Reliability Test Validation and Product Verification

Reliability Test Validation and Product Verification

Working with product engineers to develop a reliability test early in a program can be a satisfying experience. My interactions with the product engineers are the most fruitful when there is mutual respect. I ask the product engineer questions about his goals, the product features, the supplier, and rely on his product expertise. I like to examine prototype parts and review an engineering drawing or the circuit diagrams.

A good example was when a product engineer, let’s call him Jim,  approached me to develop a safety switch reliability test.

The Product

A switch would be installed in a manual transmission vehicle to detect the clutch pedal state, i.e. free or fully depressed. The detection of the clutch pedal position was an essential safety function. The corporate standards required the safety switch reliability to be verified to 10 years or 100,000 miles of 95% customer usage at 90% confidence.

Potential Failure Modes

When asked about the likely failure modes, Jim responded that it would probably be contact wear, which would be a function of switch cycles. The switch cycles were considered functions of mileage rather than time, so the target focused on cycles in 100,000 miles. However, the switch was a complex electro mechanical device, which could have other failure modes.

Duty Cycles

The switch durability would be evaluated on a test fixture where a set of switches would be cycled. Jim needed to define the test target and the number of samples to be tested. How were other similar switches tested? Jim indicated that on some vehicles the swith target was 2,000,000 cycles. Were there any other vehicles with similar switches? Yes, the switch target for another type of vehicle were cycled 500,000 times. This is a broad range so the dilemma is how to select a target? What about the customer? Jim didn’t have any idea how many times the customer would used the clutch and indirectly the switch.

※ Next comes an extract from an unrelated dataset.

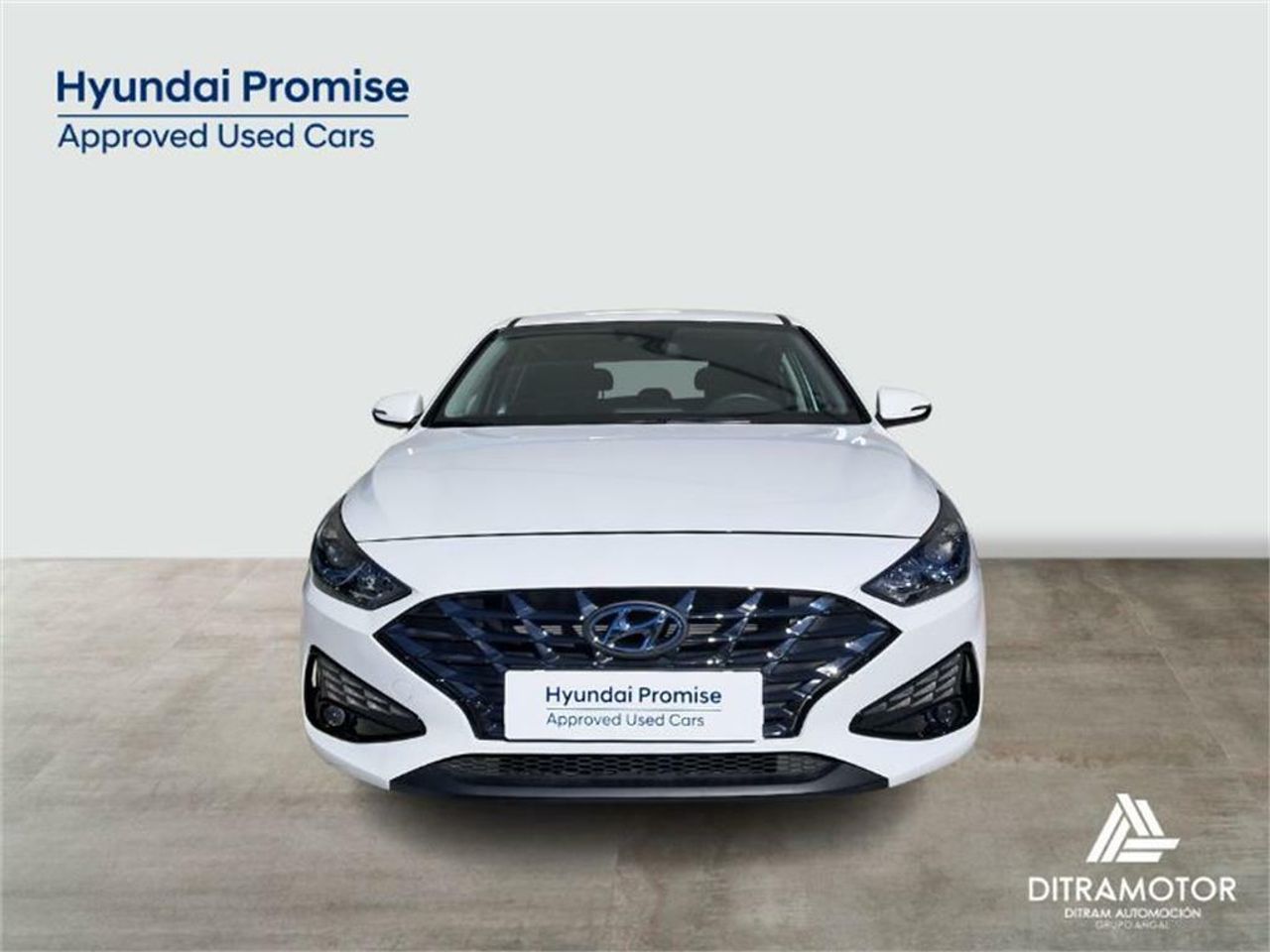 hyundai i30 2024 / foto grande (2)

Luckily, there was vehicle duty cycle data for clutch operation. Vehicles had been instrumented and operated in an urban-suburban environment with a mix of road types. The clutch duty cycle data consisted of counts of clutch usage vs. mileage. The data was already analyzed to determine the 95th percentile clutch usage at 90% confidence and projected to 100,000 miles. After comparing different types of vehicles, a reasonable target was 850,000 cycles.

This target was contained nicely within the testing targets currently used, but one has to step back and question the reasonableness of the target. In what situation would a clutch experience 850,000 cycles in 100,000 miles? Consider an urban area, like Queens, N.Y.; with heavy traffic most of the day. Would it be reasonable to use a clutch 8.5 times per mile? At the time, a common manual transmission had 4 forward gears. While accelerating to traffic speed, the clutch would be used for starting in first, shifting to second, to third, and to fourth gears. Just getting up to speed involves four clutch uses. Similarly when dropping down in speed for a total count of about 8 shifts. If you travel in a congested urban area, traffic may easily start and stop over a distance of a mile. This could easily represent a 95% customer usage, considering the whole country, so the 850,000 cycles was accepted as a validation target. Sometimes this target is called a life, or the test bogy.

Testing Strategy

For a reliability test to bogy, one needs to define the sample size, which is a function of the minimum reliability and confidence to be demonstrated. For a minimum of 95% reliability at 90% confidence, using the success run equation, 45 test samples need to survive 850,000 cycles without failure. Jim then informed me that the supplier’s test fixture could accept only 12 parts at a time. This implied that there could be 4 groups of parts, each tested to 850,000 cycles. This is equivalent to occupying the test fixture for 3,400,000 cycles. Was there an alternative test plan?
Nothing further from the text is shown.